Qualities of a Great Bartender

Qualities of a Great Bartender

What makes a great bartender?

It’s not just about an encyclopedic knowledge of cocktail recipes and the right pair of shoes. It's a profession that demands a unique blend of skills and personality traits to navigate the fast-paced, demanding environment of a bar or restaurant.

So, what exactly makes a great bartender? Here's a breakdown of the key qualities that separate the good from the exceptional.

#1: Friendly Personality

One of the key traits of a successful bartender is the ability to connect with people well enough to make them feel comfortable and welcome.

Great bartenders are outgoing, approachable, upbeat, and confident but agreeable. They’re good at light conversation, quick with a joke, and able to engage all sorts of people.

New bartenders often need to practice striking the right tone while staying professional and service-oriented. It’s great to remember regulars and strike up relationships, but the best bartenders know how to be sociable without becoming too personally involved.

#2: Customer Service Skills

Customer service skills are a complicated tangle of qualities and skills that are essential to being a successful bartender.
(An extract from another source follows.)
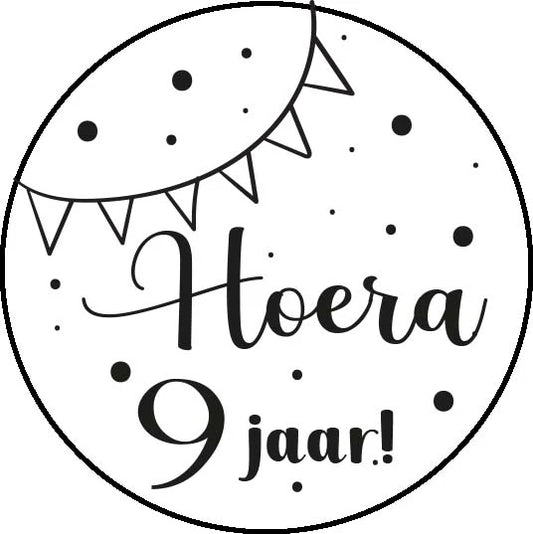 Hoera9jaarsticker-stoepkrijtmeid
Active listening, patience, and a positive attitude do a lot of heavy lifting, but good customer service also requires efficiency, resilience, attentiveness, flexibility, fluency in body language and tone, and an aptitude for prioritizing the right tasks at the right time.

And if you wish to elevate the customer experience, you’ll need to throw in resourcefulness, tenacity, the ability to personalize interactions, and a knack for upselling or cross-selling.
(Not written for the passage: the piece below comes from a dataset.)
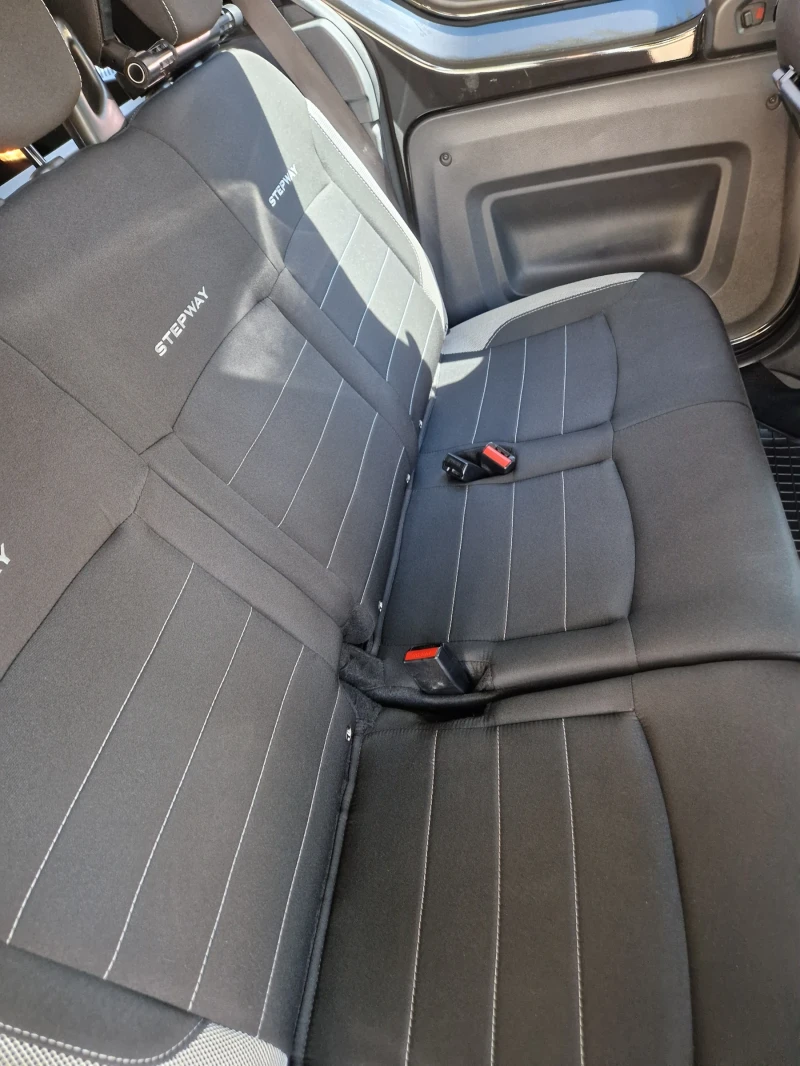 Dacia Dokker, снимка 12 - Автомобили и джипове - 51910756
It’s a tall order, but for most people, these skills are honed over a lifetime.

Luckily, customer service skills are also incredibly transferable from one job to another – most jobs these days require some customer service component.

#3: Great Work Ethic

A lot of people seek out bartender jobs because they seem fun. They like hanging out at bars, they like talking to people, and they’ve been known to make margaritas at home.

They eek through their first packed Saturday night, and then they quit. Why? Because they didn’t realize that bartending is hard work. It’s long hours on your feet, the presence of mind to pay attention to a lot of things at once, and a proactive mindset. Although bartending appears, from the outside, to be all about responding to patrons, the only way to keep pace in food service is to think ahead. This means filling any downtime with cleaning, organizing, and restocking.

While talking to patrons and straw testing are legitimate parts of the job, one of the traits of a successful bartender is an instinct for keeping the “fun” parts of the job in proportion. They know to stay mostly sober, remain aware during conversations, and take their job seriously.

Bartending requires you to be simultaneously diligent to three things all the time: the customer, the business, and the law. Maintaining a balance between these interests requires you to be “on” all the time.

#4: Problem-Solving Skills

Working in a bar means expecting the unexpected. How do you deal with glass in the ice bin during a busy night? What do you tell customers when you’re out of a key ingredient behind the bar?  What do you do when your coworker gets sick in the middle of a shift?

The ability to problem-solve on your feet is one of the most underrated bartender qualities, and composure is a key ingredient.  The ability to stay calm under fire allows a good bartender to stay calm, think things through, and respond quickly while remaining unruffled in front of customers.

#5: Teamwork

Pop culture often makes bartending look like a solo gig, but in the real world, it’s definitely a team sport. On busy nights, it takes the cooperation and coordination of the whole staff to get through a shift, not just with fellow bartenders but also with barbacks, servers, kitchen staff, security, and management.

An excellent bartender understands this and sees their coworkers as allies. They’re as willing to offer help as they are to take it, and they’re able to put aside differences to get the job done.

Just as communication skills are important with customers, they’re also crucial to teamwork, particularly when your workplace is often noisy, dimly-lit, and crowded. Excellent bartenders are able to coordinate with their coworkers through signals and body language by anticipating and circumventing confusion or miscommunication.

#6: Technical Skills

Of course, actual bartending skills – the technical capabilities that you need in day-to-day life as a bartender – are a gimme on a list of what makes a great bartender.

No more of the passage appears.